**Source data**:

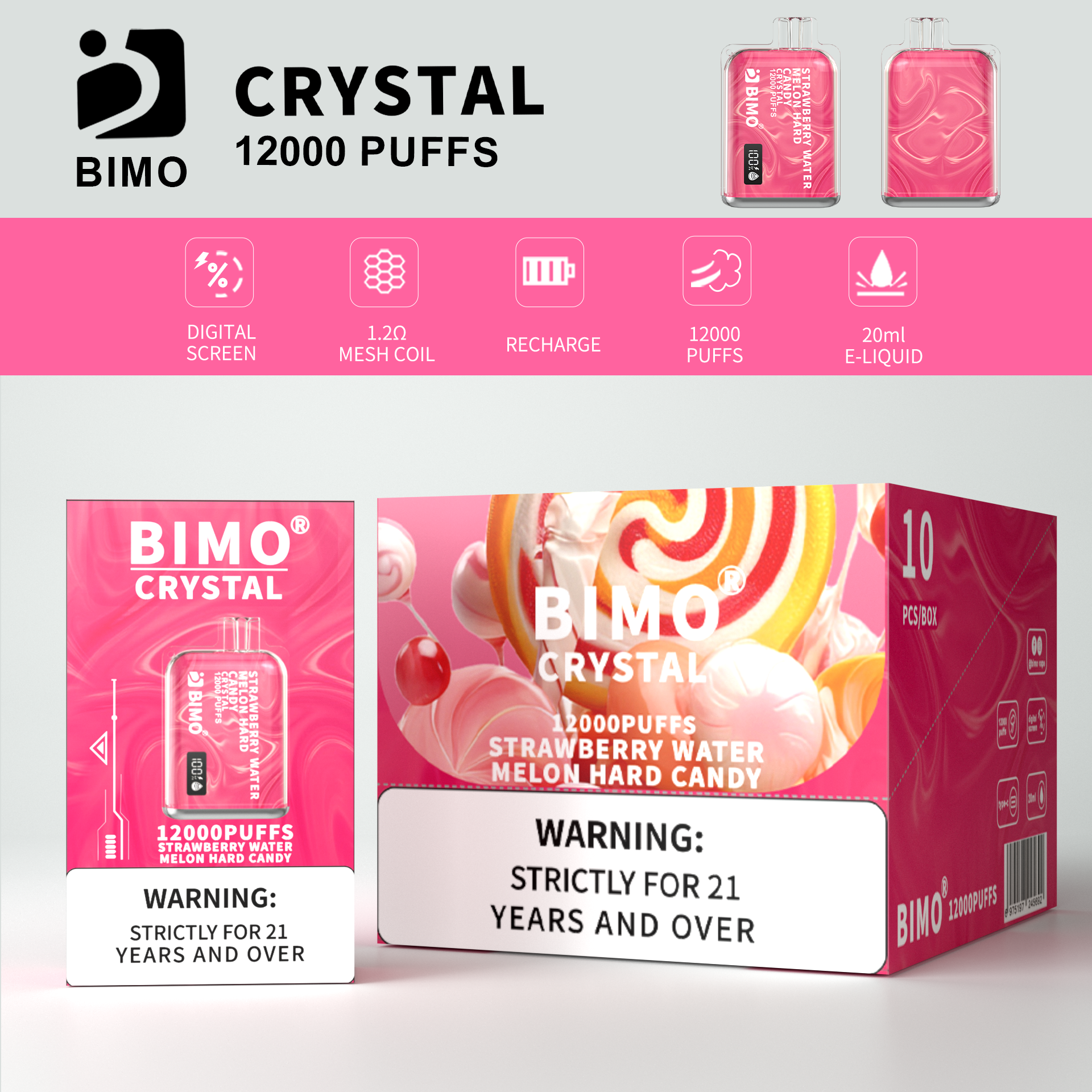 BIMO Crystal 12000puff 10PCS/BOX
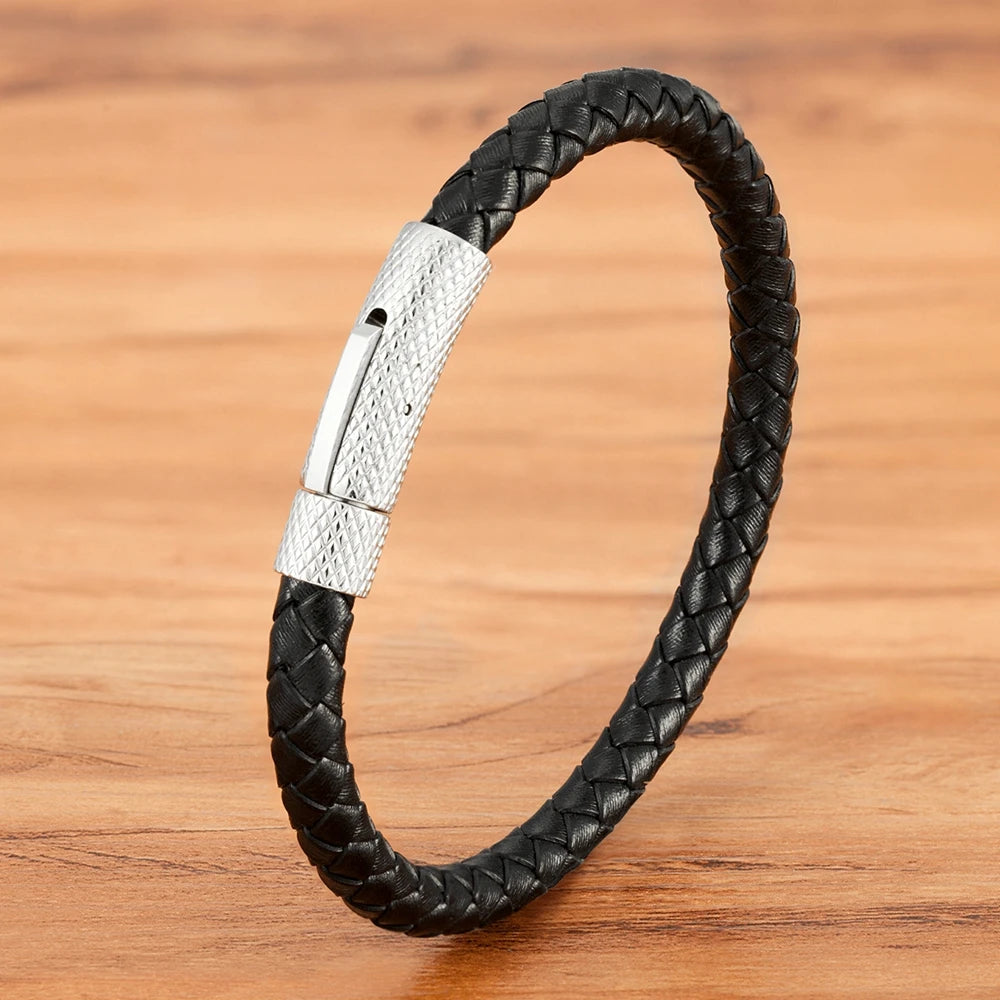 Läderarmband för män med rostfritt stål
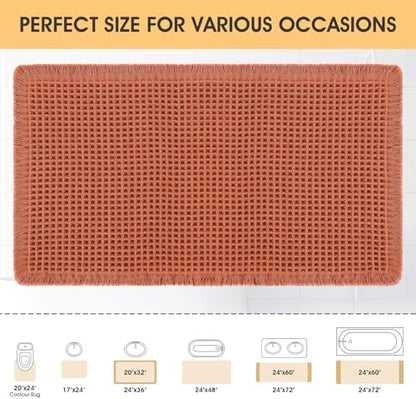IM HOME Waffle Bath Mat Burnt Orange 24"x17", Boho Woven Modern Bath Mat Rugs, Absorbent Non Slip Bathroom Rugs, Soft Washable Bath Rugs with Tassels for Bedroom, Kitchen, Shower, Tub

**Task to complete**: Word for word, repeat only the lines from the line containing "Läderarmband för män med rostfritt stål" through the end of the data, without any pictures.

**Answer to this exercise**:
 Läderarmband för män med rostfritt stål
IM HOME Waffle Bath Mat Burnt Orange 24"x17", Boho Woven Modern Bath Mat Rugs, Absorbent Non Slip Bathroom Rugs, Soft Washable Bath Rugs with Tassels for Bedroom, Kitchen, Shower, Tub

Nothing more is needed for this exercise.